Consider the most famous of them all, Sherlock Holmes. Despite his immense popularity, his creator grew tired of him, believing that his adventures took time from what Arthur Conan Doyle considered the more important historical novels. Holmes had to die, and, given his intellect and his stature in the profession, he could have no ordinary death. Doyle settled on sending him over the Reichenbach Falls in Switzerland, caught in a death grip by his nemesis Professor Moriarty.

As Doyle's mother had predicted, the legion of Holmes' fans were not amused, and in 1901, Doyle relented, returning with one of the best of the novels, The Hound of the Baskervilles. Moriarty had drowned, not Holmes. The detective had faked his death to elude other enemies, a twist so convenient that it doesn't take a Freudian to wonder if Doyle had not picked a fate for Holmes that left just a little wiggle room.

The list of resurrected detective (and thriller) heroes does not end with Holmes. Baroness Orzy's Old Man in the Corner was favored with a disappearance, not a death. And just as well. He returned for several dozen more adventures after his reporter friend assured us that she had never seen him again.

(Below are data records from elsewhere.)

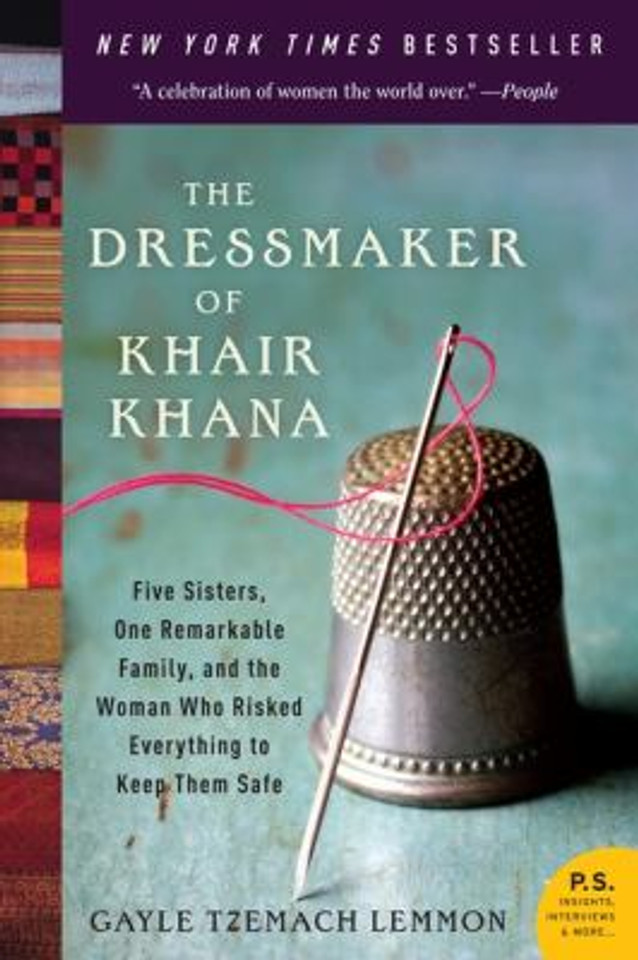 The Dressmaker of Khair Khana: Five Sisters, One Remarkable Family, and the Woman Who Risked Everything to Keep Them Safe Cover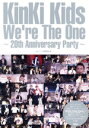 【中古】 KinKi Kids We’re The One ~20th Anniversary Party~/ジャニーズ研究会(編者)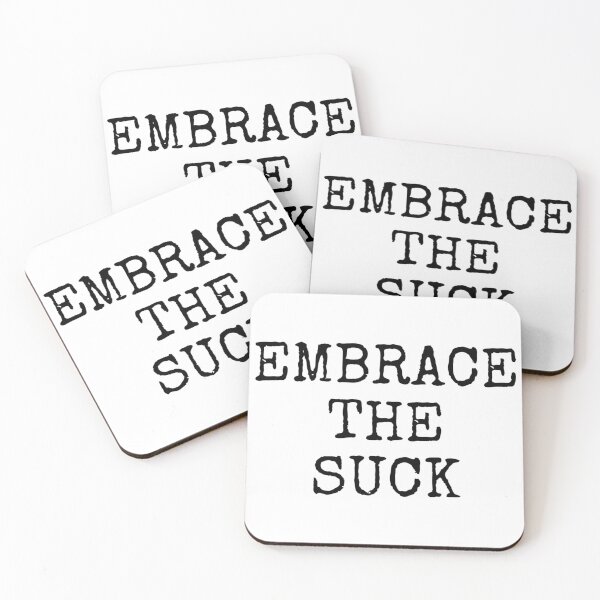 Item preview, Embrace The Suck designed and sold by DanTheNavyMan.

As befits a super secret agent, James Bond made an even more triumphant return from what looked like certain death. Whether or not Ian Fleming had grown weary of James Bond, he nearly dispatched him with a kick from Soviet spy, Rosa Klebb's poisoned shoe. For a time, 007 lingered near death, but, to the immense profit of what became the James Bond movie franchise, he recovered. Thanks to a core of thriller writers and movie impresarios, Bond has easily survived his creator's own demise.

Agatha Christie, she of the perfect plots, left no room for error when she dispatched Hercule Poirot. Indeed, thinking ahead, she killed Poirot off fairly early in her career but saved the novel in which he dies for her extreme age. Curtain was a big hit late in her career, and fans, who had enjoyed decades of his adventures, did not storm the literary barricades to bring him back.

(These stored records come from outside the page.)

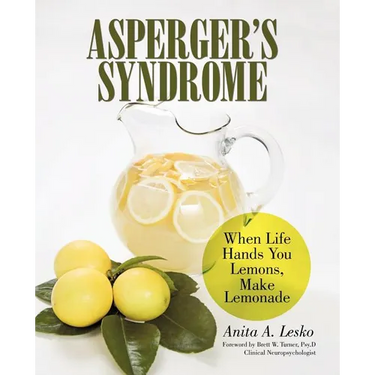 Asperger's Syndrome: When Life Hands You Lemons, Make Lemonade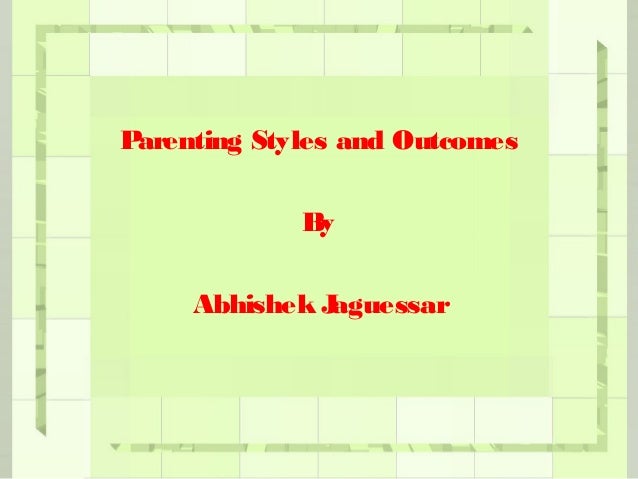 Parenting Styles and Outcomes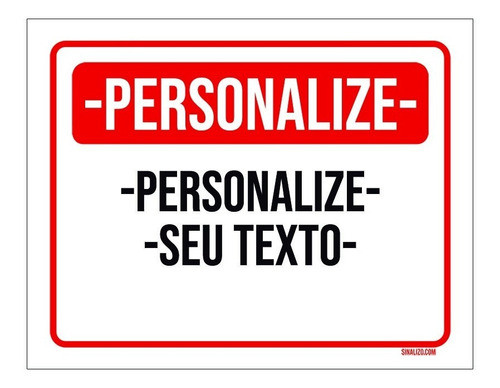 Placa Sinalização Personalizada 27x35cm - 10 Unidades 1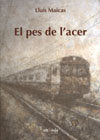 EL PES DE L'HACER, de MAICAS, LLUIS | portada del libro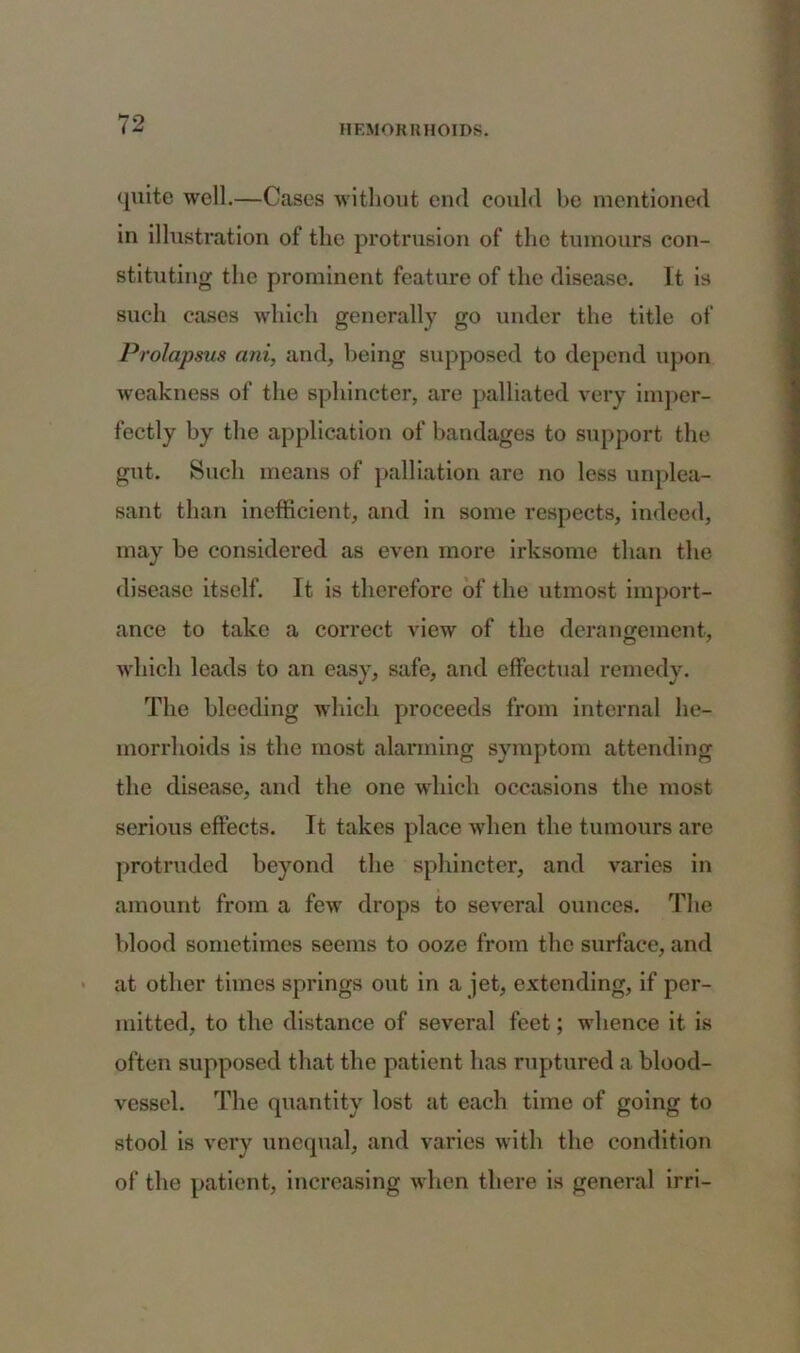 quite well.—Cases without end could be mentioned in illustration of the protrusion of the tumours con- stituting the prominent feature of the disease. It is such cases which generally go under the title of Prolapsus ani, and, being supposed to depend upon weakness of the sphincter, are palliated very imper- fectly by the application of bandages to support the gut. Such means of palliation are no less unplea- sant than inefficient, and in some respects, indeed, may be considered as even more irksome than the disease itself. It is therefore of the utmost import- ance to take a correct view of the derangement, which leads to an easy, safe, and effectual remedy. The bleeding which proceeds from internal he- morrhoids is the most alarming symptom attending the disease, and the one which occasions the most serious effects. It takes place when the tumours are protruded beyond the sphincter, and varies in amount from a few drops to several ounces. The blood sometimes seems to ooze from the surface, and at other times springs out in a jet, extending, if per- mitted, to the distance of several feet; whence it is often supposed that the patient has ruptured a blood- vessel. The quantity lost at each time of going to stool is very unequal, and varies with the condition of the patient, increasing when there is general irri-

Of course, there are writers of greater mercy - or greater ambivalence - who do not cry 'off with his head' quite so quickly. Dorothy Sayers was so fond of Lord Peter Wimsey that she spared his life and took what might be called the Romance Writer's Option. After many delays and tribulations, she married him to Harriet Vane, the love of his life and, following Busman's Honeymoon, sentenced him to domestic felicity.
A few short stories reflect his happiness with his wife and family but though pleasant, they do not rival the novels. Happiness, it seems, is not a requirement for a detective, and a happy marriage seems a positive detriment to the private eye.

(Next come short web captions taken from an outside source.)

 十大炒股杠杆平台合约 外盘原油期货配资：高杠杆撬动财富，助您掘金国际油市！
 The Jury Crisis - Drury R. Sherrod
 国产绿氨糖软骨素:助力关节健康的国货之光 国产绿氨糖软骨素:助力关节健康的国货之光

Maybe that's why I finally retired Anna Peters, who had seen action in eight novels, and who, somewhat incautiously, I had aged along with myself. Being tenderhearted, I disliked the thought of killing her, but I felt written out and, easily bored, I disliked doing the back story that each new novel seemed to require. Besides, as we got into our fifties I could see trouble coming for a woman of action. She could get killed or she could turn into Miss Marple.

Marple having already been done to perfection, I took the modern tack of having her sell her now successful Executive Security firm to an eager young businessman, Skipper Norris, formerly an NFL quarterback. Norris had a small part in Crosscheck, the last of Anna's adventures and rather to my surprise, he was negotiating to buy the firm by the end of the novel.

I think I can say he saved her life. In any case, she has not reappeared in the neurons. I imagine she is occupying herself pleasantly around the art world with her artist husband, perhaps repairing her neglected education, and solving minor crimes that she does not need to confide to me.